Producer Spotlight: Capers from Salina

Sprinkled over your favorite chicken piccata, chopped into a fresh steak tartare, or whipped into a beautiful tartar sauce for fried fish, you’ve likely come across the tiny yet mighty caper. Cured in salt, capers are a small green delicacy that is often misunderstood. When properly included in a dish, however, salted capers add tangy, briny and vegetal qualities with a pop of floral energy. In fact, once you’ve come to treasure these unique savory buds, you’ll find ways to include them into more recipes than you’d think, such as: chopped into a giardiniera salad, simmered into a savory sauce, or sprinkled onto your favorite pizza for a burst of flavor.


Sicilian Capers


Grown in the wild throughout the Mediterranean basin, the best capers in the world come from Italy. To be more specific, the best capers in the world are capers that grow on the Aeolian island of Salina. Rising from the sapphire-blue depths of the Tyrrhenian Sea, Salina climbs skyward, her steep greenery-drenched pitches disappearing into a skirt of cloud cover. Fed by the mineral soils of its two volcanic peaks, the unique species of caper plant grown on Salina are endemic to the island and are Slow Food Presidio certified as they can be found nowhere else in the world. 


Wild Capers


In Leni, one of Salina’s most prolific caper growing municipalities, wild Italian capers spring from the cracks in the sidewalks.The plants climb up the rocky hillsides of its mountainous slopes, and blossom into dainty, tropical flowers when left unattended. Carefully hand picked before they bloom, however, the caper buds are harvested between May and August, and are promptly packed in salt to cure for the next month or two. 


Capers in Salt


In late summer, plants that have been left to bloom produce juicy caper berries that are similarly harvested and cured in a salt brine. Filled with tiny seeds that pop in your mouth, salted capers harness a flavor profile that is fruitier, less intensely vegetal, and are often used to garnish antipasto platters or martinis.

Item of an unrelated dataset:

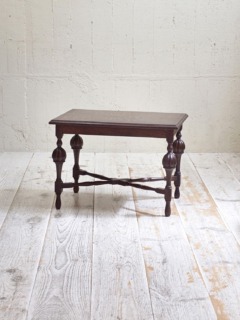 オークコーヒーテーブル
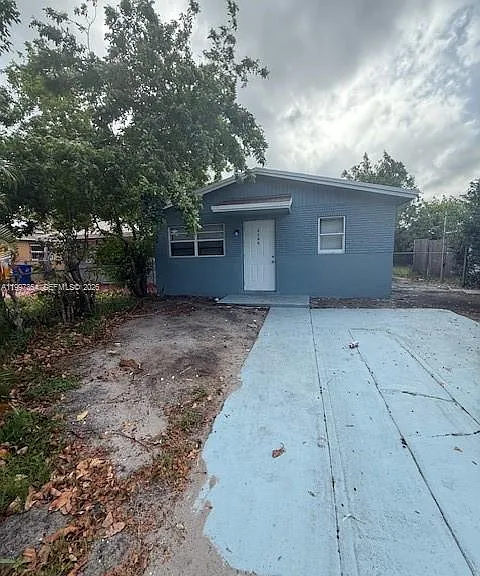 2131 NW 26th Ave — Photo 1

Though undoubtedly delicious and easy to incorporate into any dish, you might not always have capers on hand or may find that the briny bud is not for everyone’s palate. In this case, there are plenty of substitutions that you can incorporate as alternative ingredients to capers. Finely chopped green olives make a wonderful substitution for capers, as does the combination of lemon zest, parsley and salt. Another excellent substitution for capers are very finely chopped pickles (savory not sweet), an extra dash of vinegar, or anchovies.